Danny threw the last of the ingredients into the pot, adjusted the heat to low and hoped for the best. He finally turned to face his partner. 

‘She wouldn’t be cruel.’ Steve looked up at him, tears smearing his pale cheeks. ‘Letting us think she was dead…?’ He probably hadn’t slept for at least three days, unless it was on an aircraft, and Danny doubted he’d have let himself sleep on the flight home with Doris. And, Danny reminded himself, he was bruised as shit from being shot two days ago. Steve’d sunk down, lying across the table, leaning on one elbow, still holding the photo. ‘So many people have died. Really died. Dad. Malia’s really dead,’ His voice was flat. ‘Jenna. Her fiancé. So many people.’
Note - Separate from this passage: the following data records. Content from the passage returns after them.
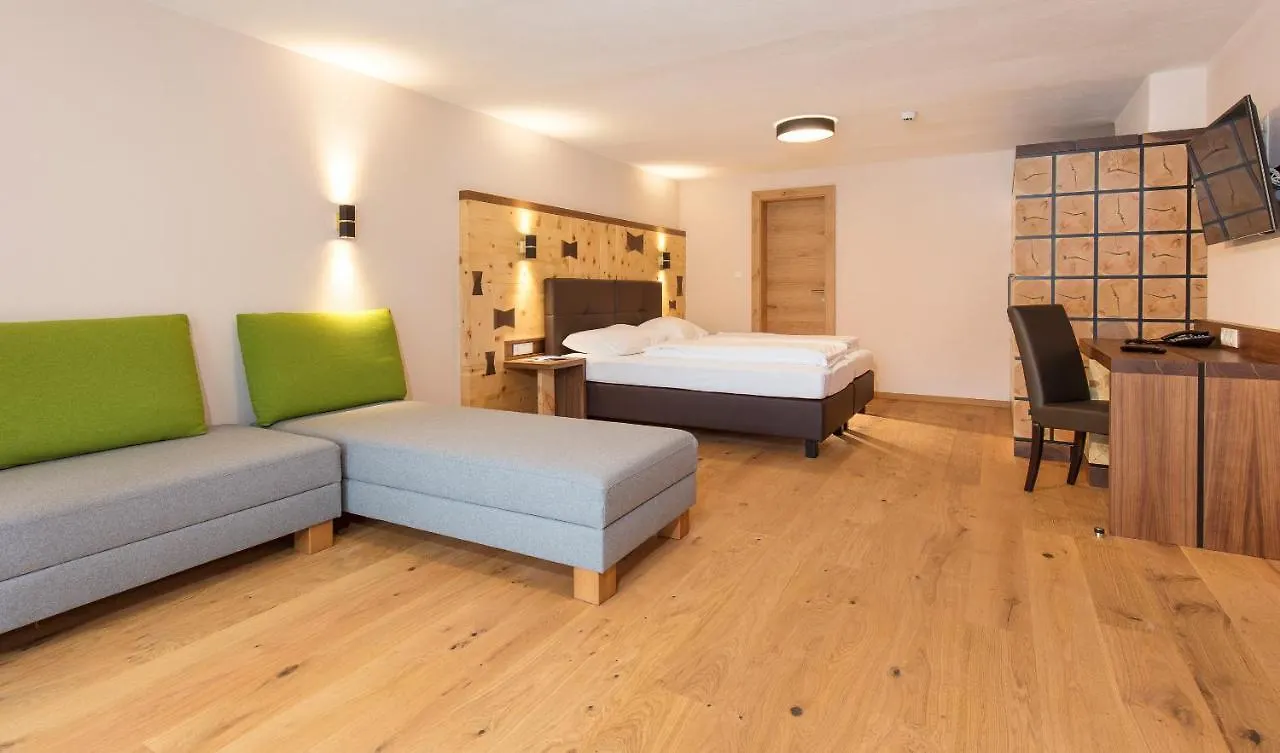 Hotel Garni Birkenhof Solden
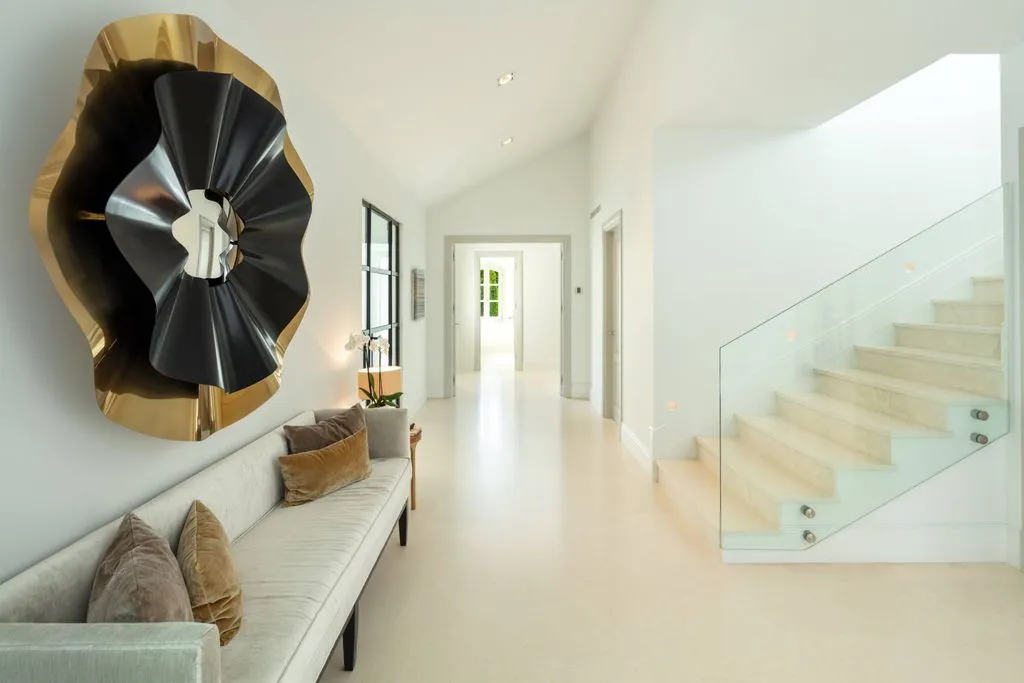 Elutuba - Luxury Villa with Golf Course View in Marbella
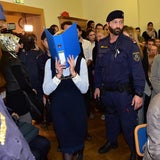 Handgranaten-Prozess-Start in Wien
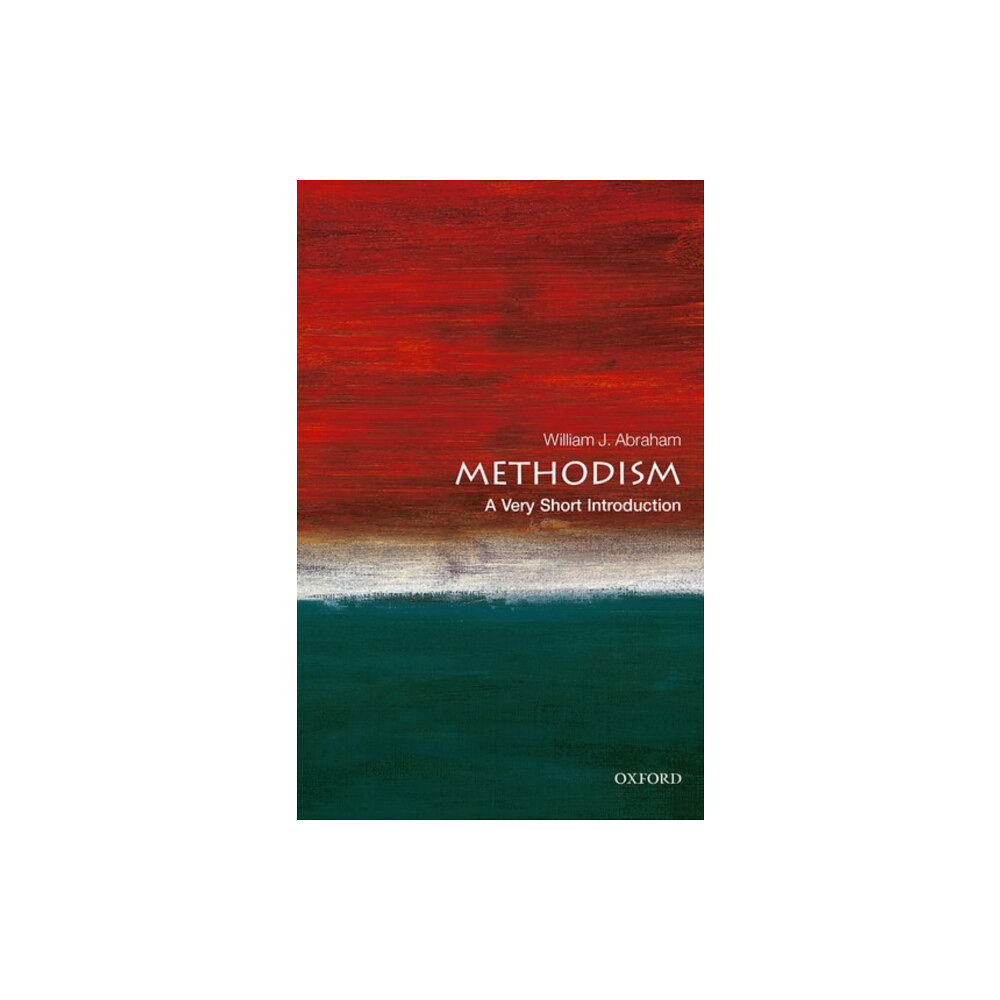 Oxford University Press Methodism (häftad, eng)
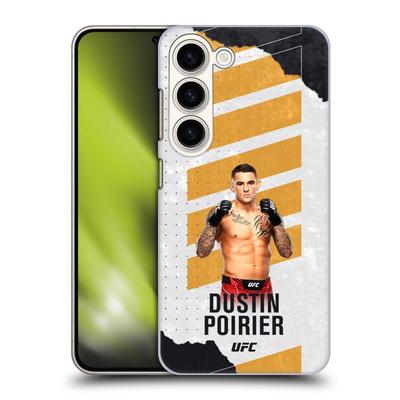 UFC Dustin Poirier Fight Card Phone Case - Samsung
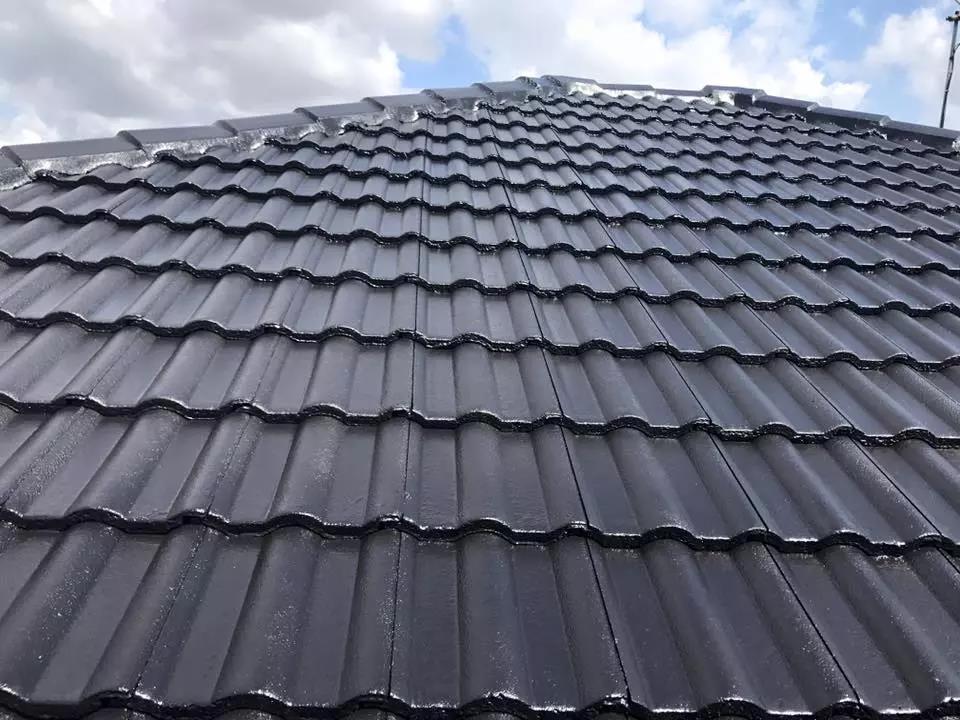 roof repairs
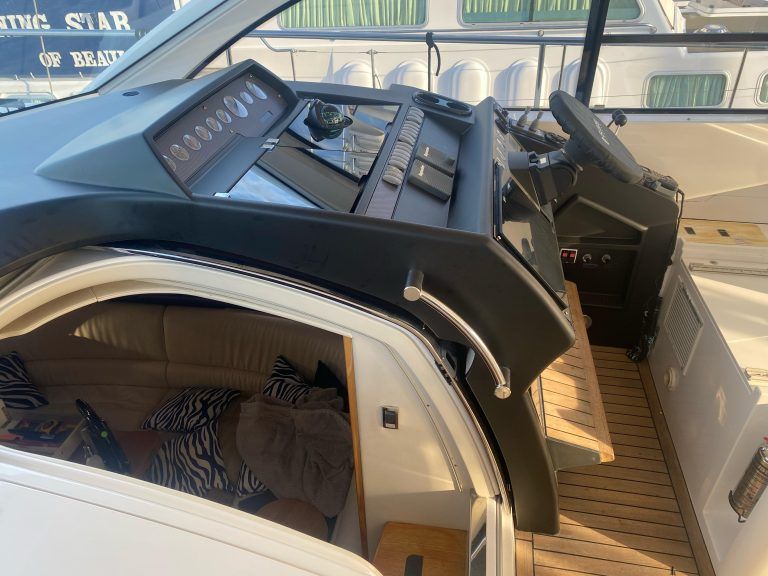 Premier yacht wraps dash satin 3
Danny didn’t point out that Malia’s death was actually nothing to do with Doris, or Shelbourne, or Steve himself for that matter, because firstly he wasn’t quite sure on that yet, and secondly, Steve wasn’t going to hear a word he said right now.

‘For what?’ Steve continued. ‘I don’t even know. My whole life I’ve been lied to and used and… I still don’t know why.’ His voice cracked at the end of the sentence.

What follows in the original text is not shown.